A contrario du contemporain Lili Marleen de Fassbinder, similaire biographie d’une étoile noire, la funèbre facticité de l’ensemble ne se donne pas à voir via le vocabulaire vigoureux d’un mélodrame méta, spectaculaire et spéculaire, sensuel et distancié, mais suivant une assurée normalité, la normalisation, disons, d’une hallucination, comme si les démons profanes se pavanaient au balcon opératique pour la sidération du public dans la salle dédoublée, Méphisto amoureusement penché, spectre à la cape de soie, sur son marionnettiste énamouré, mirant sa propre noirceur, moment de stase métaphorique d’une société projetée avec stupéfaction et délectation – cf. l’étude convaincante de Wilhelm Reich sur La Psychologie de masse du fascisme – dans « l’écran démoniaque » – pour utiliser les mots de Lotte Eisner à propos de l’expressionnisme cinématographique – d’une fiction aliénée advenue avec la complicité des peuples, des dirigeants, des partisans du pacifisme ou de l’indifférence, la seconde moitié du vingtième siècle occidental transformée au lever de rideau, de la gueule de bois électorale et martiale, en asile global, en dressing d’uniformes SM ou de costumes de camarades – double acception – à déchirer avec rage. Certains décèleront dans le classicisme élégant et précis d’István Szabó une forme supérieure d’académisme ; nous préférons y lire le calme trompeur d’une folie instaurée, institutionnalisée. Mephisto, premier volet d’une trilogie individuelle et collective poursuivie avec le remarquable Colonel Redl – à Budapest, notre homme sans qualités en clin d’œil à Musil tourne un ersatz de Sissi – et l’invisible Hanussen, matrice apocryphe du Invincible de Werner Herzog avec Tim Roth, s’avère ainsi à la fois une fable sur les apparences, sur le prix d’une âme, sur la déraison d’une nation, et un autoportrait officieux, assez complexe et jamais complaisant, du cinéaste lui-même, qui joua en son temps, dans les années 50, au profit du régime soviétique, doté des meilleures intentions altruistes, les Elia Kazan locaux.

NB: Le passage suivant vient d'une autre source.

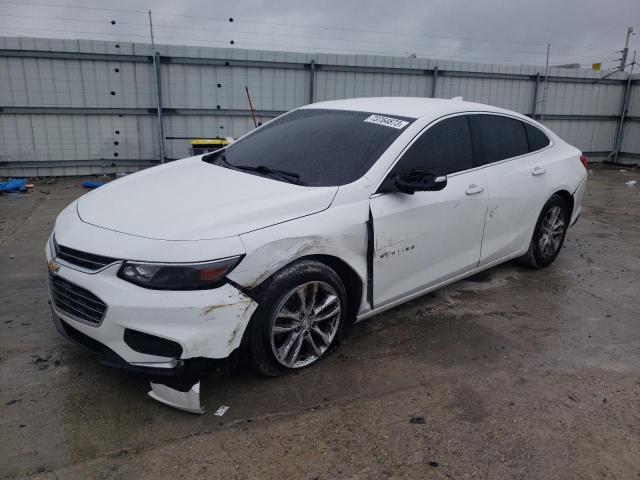 Изображение 1 2018 CHEVROLET MALIBU LT 2018 с VIN 1G1ZD5ST6JF192838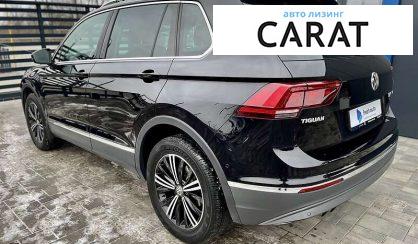 Volkswagen Tiguan 2019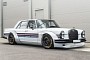 Widebody 1968 Mercedes 280 SE Ghosts Us With Quick-Switch Liveries Ahead of Build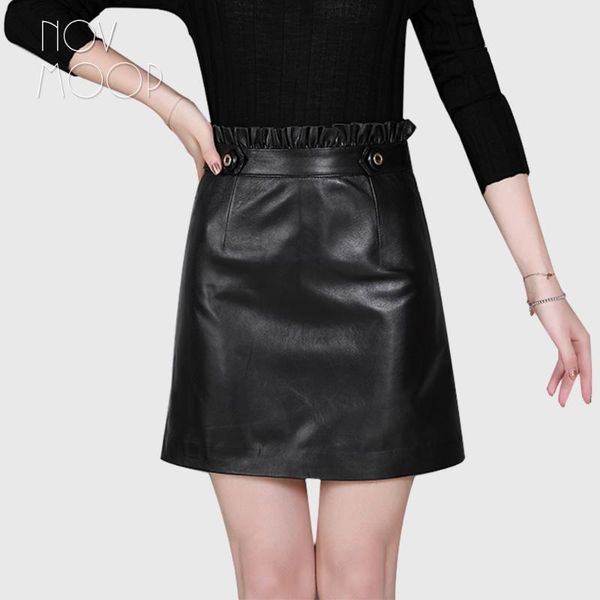european fashion style women summer red black high waist sheepskin genuine leather mini skirt faldas mujer jupe femme lt3174 skirts
european fashion style women summer red black high waist sheepskin genuine leather mini skirt faldas mujer jupe femme lt3174 skirts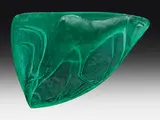 Stanislav Libenský, Glass sculpture "Zoomorphic Stone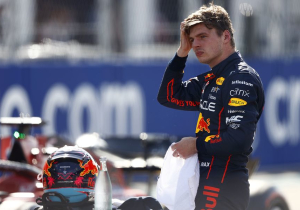 Verstappen pole challenge 'surprising' after Red Bull issues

Portrait d’un caméléon « sentimental » – dixit l’auteur dans le dossier de presse original –, adaptation émancipée de « motifs » tirés d’un « roman à clé » du frère de Thomas Mann, production cosmopolite à récompenses cannoises, hollywoodiennes, aux nationalités, aux lieux, aux styles de jeu unifiés dans et par la direction irréprochable de Szabó, ou la lumière vaporeuse, envoûtante, claire et mortifère du fidèle et guère rancunier Lajos Koltai, Mephisto fait en outre entendre un bout d’opérette de Carl Millöcker durant une ouverture fermée à la Senso, l’élan d’un French cancan, Mendelssohn, Liszt et Strauss (Johann, pas Richard), plus un soupçon-accordéon de Marseillaise, morceaux musicaux requis pour accompagner la damnation du bouffon mélancolique en perpétuelle représentation, parfois en contre-plongée. Cette rencontre – avec le Diable d’Allemagne, pas d’Asie – évocatrice, sorte de dialogue hivernal entre le Paradoxe sur le comédien de Diderot et To Be or Not to Be – celui de Lubitsch, un peu moins celui de Brooks – charme également par une poignée de détails inspirés, tel ce monologue épistolaire au féminin adressé à l’objectif, contradictoirement inclusif et exclusif, ce décor de frontière ferroviaire où la puissance du nazisme s’exprime par un dépouillement spartiate, ces tracts de résistants ramassés au sol, incendiés en catimini, ou cette ronde nocturne dans le jardin de la villa patricienne effectuée autour du parvenu sur le point de chuter par une farandole de diables hilares, grimés. Trente-cinq ans après sa sortie, à l’heure du réveil des nationalismes européens, particulièrement en Autriche et en Hongrie, du terrorisme médiatique et de la suprématie numérique du virtuel, Mephisto demeure donc une réflexion à redécouvrir, passablement pertinente et diaboliquement contemporaine.